Para o experimentado operador do direito, essa identificação flui de maneira natural, às vezes até de forma pouco técnica. Vamos encontrar profissionais que sabem que determinado fato não se constitui crime, porém não sabem explicar o porquê de sua conclusão.

Se isto é assim para o profissional de carreira jurídica, imagine como deve ser para o aluno que ainda dá os primeiros passos no estudo do crime. Sente-se muitas vezes perdido diante de tanta teoria, chegando até acreditar que elas para nada servem na prática.

Ledo engano, pois as teorias são os pilares do direito penal. E, para definir se um fato é criminoso ou não, existe uma, a teoria maior do direito penal: a teoria do crime.

Esta teoria, dentro da corrente que filiamo-nos (majoritária na doutrina pátria) diz que crime é um fato típico, ilícito e culpável. Simplesmente isso.

Portanto, diante de um fato basta o observador identificar se ele é típico, ilícito e culpável. Se for, pode-se dizer que ele é um fato criminoso. Há o crime.

Fato típico é o fato material no qual se identifica a efetivação de uma conduta prevista no tipo penal incriminador, e ainda, que afeta ou ameaça de forma relevante bens penalmente tutelados. Possui os seguintes elementos: a) conduta (dolosa ou culposa, omissiva ou comissiva); b) resultado jurídico/normativo; c) nexo de causalidade (entre a conduta e o resutado); d) tipicidade (formal e conglobante) [1].

Para que o fato seja típico deve possuir os elementos enunciados. Ressaltando-se que há autores que defendem seja elemento do fato típico o resultado naturalístico. Para essa corrente, tal resultado seria imprescindível, assim como o nexo de causalidade, apenas nos crimes materiais. Entendemos de forma diferente, acreditando que como elemento do fato típico deva figurar o resultado jurídico (normativo), entendendo-se este como a lesão ou ameaça de lesão ao bem jurídico tutelado. Sendo que, por este ângulo, todo fato típico deve possuir resultado [2], elevando-se este à categoria de elemento essencial.
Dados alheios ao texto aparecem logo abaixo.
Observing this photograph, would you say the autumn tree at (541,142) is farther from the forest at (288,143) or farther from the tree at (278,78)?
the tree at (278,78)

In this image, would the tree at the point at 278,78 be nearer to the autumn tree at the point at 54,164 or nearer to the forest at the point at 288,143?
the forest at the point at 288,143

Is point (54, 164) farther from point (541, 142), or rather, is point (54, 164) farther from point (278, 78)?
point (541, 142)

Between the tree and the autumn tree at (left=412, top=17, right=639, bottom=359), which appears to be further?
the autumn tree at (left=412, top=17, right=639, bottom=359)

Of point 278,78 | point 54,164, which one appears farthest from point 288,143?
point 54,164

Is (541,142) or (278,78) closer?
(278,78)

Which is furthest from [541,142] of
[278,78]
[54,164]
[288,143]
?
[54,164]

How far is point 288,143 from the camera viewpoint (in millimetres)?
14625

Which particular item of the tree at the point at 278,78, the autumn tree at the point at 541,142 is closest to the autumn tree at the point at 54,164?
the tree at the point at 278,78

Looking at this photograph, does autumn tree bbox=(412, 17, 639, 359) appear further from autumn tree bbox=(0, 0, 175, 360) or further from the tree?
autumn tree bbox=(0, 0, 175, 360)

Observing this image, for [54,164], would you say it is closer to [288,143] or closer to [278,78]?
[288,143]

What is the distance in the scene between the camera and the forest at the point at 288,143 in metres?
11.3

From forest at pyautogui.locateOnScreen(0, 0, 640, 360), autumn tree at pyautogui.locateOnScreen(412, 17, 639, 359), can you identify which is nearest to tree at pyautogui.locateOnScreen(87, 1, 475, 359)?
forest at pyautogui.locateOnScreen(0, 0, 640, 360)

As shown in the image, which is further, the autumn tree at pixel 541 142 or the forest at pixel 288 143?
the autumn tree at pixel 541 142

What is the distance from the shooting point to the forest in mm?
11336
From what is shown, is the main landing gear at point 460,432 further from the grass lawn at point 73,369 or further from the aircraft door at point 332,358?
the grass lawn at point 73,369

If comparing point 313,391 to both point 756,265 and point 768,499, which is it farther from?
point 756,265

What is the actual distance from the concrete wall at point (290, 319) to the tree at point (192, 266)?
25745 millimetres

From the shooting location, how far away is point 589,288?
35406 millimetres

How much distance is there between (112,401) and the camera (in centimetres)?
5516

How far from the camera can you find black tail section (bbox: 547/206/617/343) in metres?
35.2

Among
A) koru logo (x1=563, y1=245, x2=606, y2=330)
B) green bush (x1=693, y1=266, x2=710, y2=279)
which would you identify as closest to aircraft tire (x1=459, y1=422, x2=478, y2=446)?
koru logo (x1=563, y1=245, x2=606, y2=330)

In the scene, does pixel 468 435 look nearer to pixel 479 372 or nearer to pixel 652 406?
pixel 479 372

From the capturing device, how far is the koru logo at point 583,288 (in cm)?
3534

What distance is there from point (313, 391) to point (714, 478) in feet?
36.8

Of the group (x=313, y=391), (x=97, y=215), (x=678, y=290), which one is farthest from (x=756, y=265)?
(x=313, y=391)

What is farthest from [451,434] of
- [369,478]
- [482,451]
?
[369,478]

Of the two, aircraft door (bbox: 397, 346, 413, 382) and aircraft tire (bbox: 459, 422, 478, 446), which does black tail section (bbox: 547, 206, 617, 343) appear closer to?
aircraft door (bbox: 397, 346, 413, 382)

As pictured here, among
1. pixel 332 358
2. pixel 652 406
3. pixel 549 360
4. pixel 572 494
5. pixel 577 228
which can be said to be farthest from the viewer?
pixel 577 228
A despeito da polêmica supra, fato é que, se diante do fato concreto, verifica-se que este não é típico (por conta da ausência ou exclusão de um de seus elementos essenciais), de pronto fica descartada a ocorrência do fato como criminoso.

De outro modo, acaso superada a primeira fase da análise, chegando-se à conclusão do fato ser típico, deve-se investigar se o mesmo é ilícito ou não.
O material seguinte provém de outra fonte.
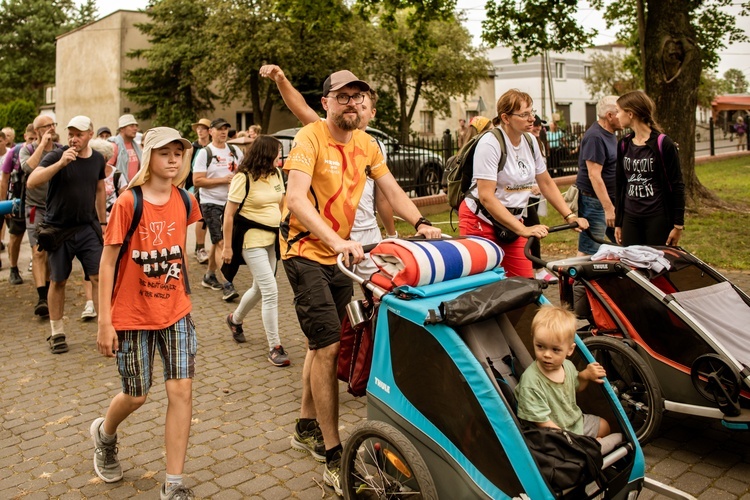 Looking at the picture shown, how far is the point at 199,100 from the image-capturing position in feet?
122

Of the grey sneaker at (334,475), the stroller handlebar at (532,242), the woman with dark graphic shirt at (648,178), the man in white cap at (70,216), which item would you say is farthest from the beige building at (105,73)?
the grey sneaker at (334,475)

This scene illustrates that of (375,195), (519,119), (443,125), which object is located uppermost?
(443,125)

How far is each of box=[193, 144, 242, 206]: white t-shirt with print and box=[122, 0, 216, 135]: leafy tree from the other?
85.5ft

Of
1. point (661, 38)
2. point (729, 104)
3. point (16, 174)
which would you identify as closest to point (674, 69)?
point (661, 38)

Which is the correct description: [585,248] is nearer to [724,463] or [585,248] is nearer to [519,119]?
[519,119]

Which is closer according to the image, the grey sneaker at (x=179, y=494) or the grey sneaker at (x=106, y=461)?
the grey sneaker at (x=179, y=494)

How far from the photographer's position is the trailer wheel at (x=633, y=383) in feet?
13.2

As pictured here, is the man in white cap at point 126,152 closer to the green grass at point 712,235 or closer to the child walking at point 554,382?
the green grass at point 712,235

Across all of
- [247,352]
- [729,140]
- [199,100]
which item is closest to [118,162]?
[247,352]

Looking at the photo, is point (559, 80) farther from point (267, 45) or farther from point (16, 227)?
point (16, 227)

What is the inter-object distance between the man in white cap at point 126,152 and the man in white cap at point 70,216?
283 cm

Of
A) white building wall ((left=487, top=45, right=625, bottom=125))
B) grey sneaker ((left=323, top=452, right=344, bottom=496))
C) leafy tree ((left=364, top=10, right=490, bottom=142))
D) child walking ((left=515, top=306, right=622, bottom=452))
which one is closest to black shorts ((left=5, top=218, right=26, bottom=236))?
grey sneaker ((left=323, top=452, right=344, bottom=496))

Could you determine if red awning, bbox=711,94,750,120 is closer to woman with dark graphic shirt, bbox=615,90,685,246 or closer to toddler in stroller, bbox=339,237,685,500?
woman with dark graphic shirt, bbox=615,90,685,246

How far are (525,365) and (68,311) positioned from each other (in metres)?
6.38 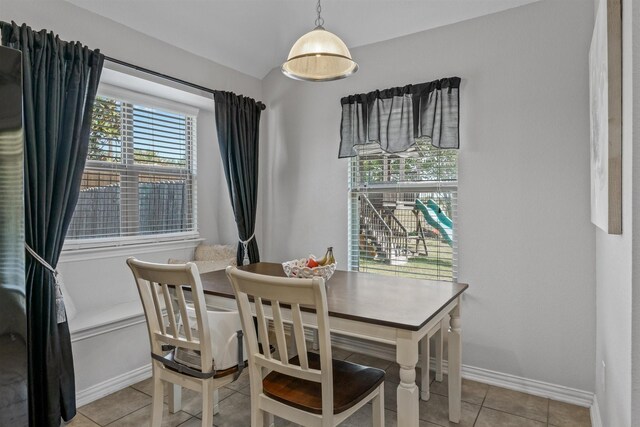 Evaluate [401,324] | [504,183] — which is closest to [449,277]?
[504,183]

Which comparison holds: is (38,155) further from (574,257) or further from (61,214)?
(574,257)

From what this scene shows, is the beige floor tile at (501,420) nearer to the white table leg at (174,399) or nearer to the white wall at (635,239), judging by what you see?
the white wall at (635,239)

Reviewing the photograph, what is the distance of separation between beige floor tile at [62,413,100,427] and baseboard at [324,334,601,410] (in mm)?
1964

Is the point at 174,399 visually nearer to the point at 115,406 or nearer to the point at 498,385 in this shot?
the point at 115,406

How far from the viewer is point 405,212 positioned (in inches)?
122

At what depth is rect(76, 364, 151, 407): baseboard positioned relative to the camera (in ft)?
7.95

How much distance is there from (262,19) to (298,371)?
2.95 meters

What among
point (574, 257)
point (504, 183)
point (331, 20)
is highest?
point (331, 20)

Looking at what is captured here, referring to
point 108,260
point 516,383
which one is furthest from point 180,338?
point 516,383

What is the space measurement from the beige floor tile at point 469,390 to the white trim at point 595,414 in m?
0.59

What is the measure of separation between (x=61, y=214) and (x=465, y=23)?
298cm

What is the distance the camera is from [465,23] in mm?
2777

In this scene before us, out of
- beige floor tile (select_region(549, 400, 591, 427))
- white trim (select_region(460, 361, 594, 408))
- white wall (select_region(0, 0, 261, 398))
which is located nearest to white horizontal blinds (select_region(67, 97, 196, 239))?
white wall (select_region(0, 0, 261, 398))

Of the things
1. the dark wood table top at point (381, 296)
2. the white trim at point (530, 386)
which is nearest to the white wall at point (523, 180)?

Para saber se o fato é ilícito, a melhor maneira é fazer um raciocínio a contrario sensu; ou seja, deve-se verificar se está presente alguma das excludentes de ilicitude: a) estado de necessidade; b) legítima defesa; c) estrito cumprimento de dever legal; d) exercício regular de direito; e) livre e eficaz consentimento do ofendido. Se estiver, o fato não é ilícito. Se for lícito, inútil se continuar com a análise, pois isso já leva à conclusão sobre a inexistência de crime.
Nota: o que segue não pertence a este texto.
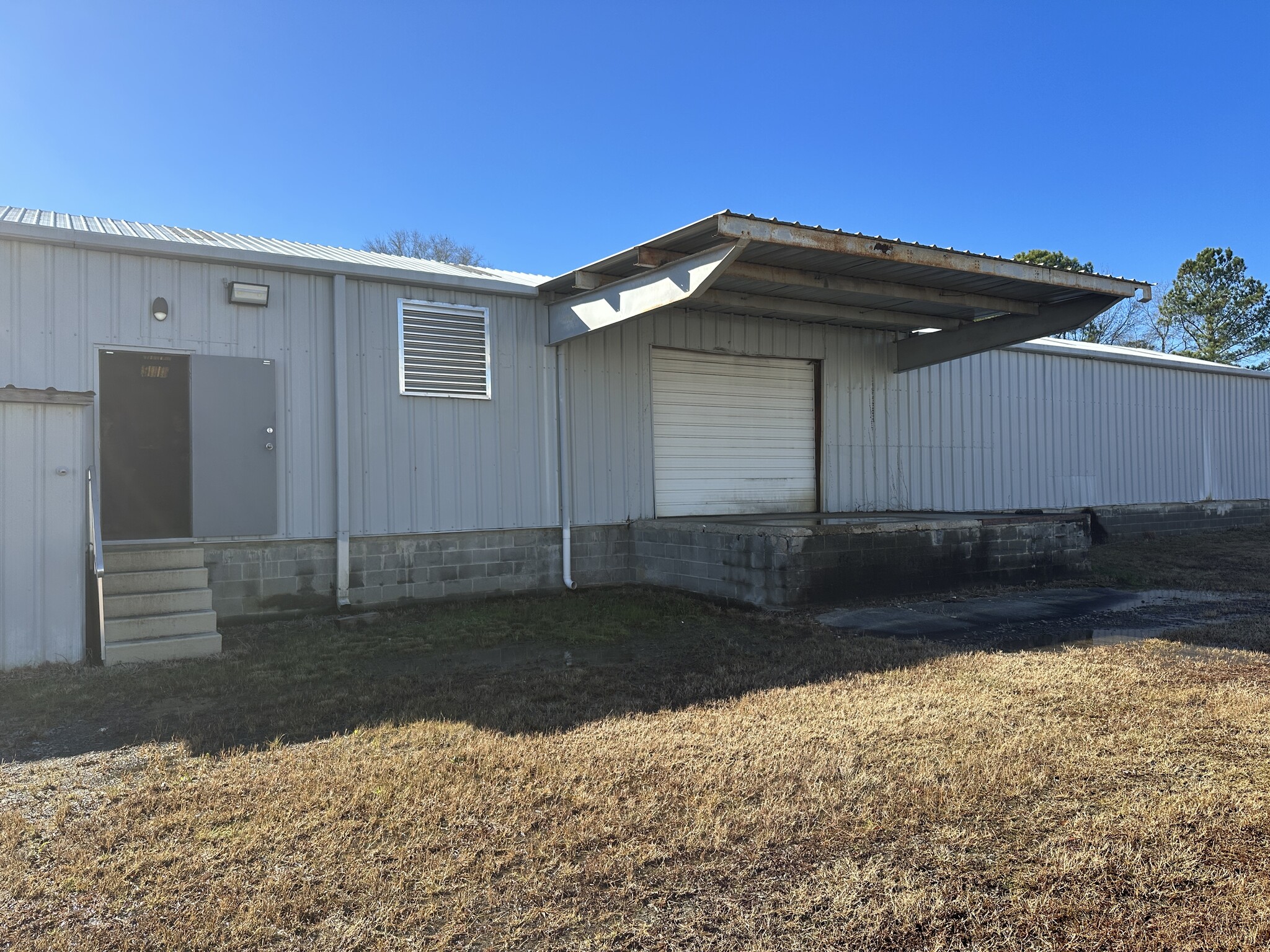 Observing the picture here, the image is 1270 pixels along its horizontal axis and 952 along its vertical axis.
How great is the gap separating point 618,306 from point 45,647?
209 inches

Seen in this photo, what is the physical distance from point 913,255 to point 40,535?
733cm

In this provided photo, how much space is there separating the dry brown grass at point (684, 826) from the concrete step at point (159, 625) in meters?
2.05

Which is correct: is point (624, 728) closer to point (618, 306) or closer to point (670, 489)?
point (618, 306)

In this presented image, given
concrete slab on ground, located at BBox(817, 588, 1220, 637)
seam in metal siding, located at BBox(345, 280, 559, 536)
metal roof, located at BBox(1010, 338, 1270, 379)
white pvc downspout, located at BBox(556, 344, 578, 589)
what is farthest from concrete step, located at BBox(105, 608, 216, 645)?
metal roof, located at BBox(1010, 338, 1270, 379)

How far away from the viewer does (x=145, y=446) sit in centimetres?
770

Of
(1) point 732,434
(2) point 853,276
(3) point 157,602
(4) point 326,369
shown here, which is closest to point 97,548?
(3) point 157,602

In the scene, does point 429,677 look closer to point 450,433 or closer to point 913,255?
point 450,433

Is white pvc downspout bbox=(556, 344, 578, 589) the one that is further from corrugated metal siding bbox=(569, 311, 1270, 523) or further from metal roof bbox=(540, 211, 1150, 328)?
metal roof bbox=(540, 211, 1150, 328)

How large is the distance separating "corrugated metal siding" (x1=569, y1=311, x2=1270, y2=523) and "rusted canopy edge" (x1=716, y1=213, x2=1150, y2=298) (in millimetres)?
2935

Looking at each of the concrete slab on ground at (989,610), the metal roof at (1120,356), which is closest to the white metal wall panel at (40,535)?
the concrete slab on ground at (989,610)

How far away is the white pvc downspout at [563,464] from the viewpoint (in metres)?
9.29

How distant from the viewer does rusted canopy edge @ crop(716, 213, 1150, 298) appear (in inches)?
274

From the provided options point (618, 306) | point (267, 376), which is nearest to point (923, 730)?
point (618, 306)

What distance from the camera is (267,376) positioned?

Concluindo-se pela ilicitude do fato, por último deve-se averiguar se o fato é culpável, pelo que se deve averiguar a presença dos elementos essenciais da culpabilidade, quais sejam: a) imputabilidade; b) potencial consciência sobre a ilicitude do fato; c) exigibilidade de conduta diversa.

Para decidir sobre a presença da imputabilidade, o melhor critério também é fazer um raciocínio a contrario sensu, averiguando a presença de uma de suas excludentes, que são as seguintes: a) doença mental (art. 26 do CP); b) imaturidade natural (menoridade penal – art. 27 do CP); c) embriaguez completa proveniente de caso fortuito ou força maior (art. 28, § 1º, do CP); d) condição de silvícola inadaptado [3]. Presente uma dessas excludentes, não há imputabilidade e, por conseguinte, o fato não é culpável (não há culpabilidade).

Quanto à potencial consciência da ilicitude do fato, também a melhor forma de identificar se ela está presente ou não é através da averiguação da presença de sua única excludente: o erro de proibição inevitável (art. 21 do CP, parte intermediária). Acaso tenha ocorrido erro de proibição inevitável, não há potencial consciência da ilicitude do fato, não sendo também o fato culpável.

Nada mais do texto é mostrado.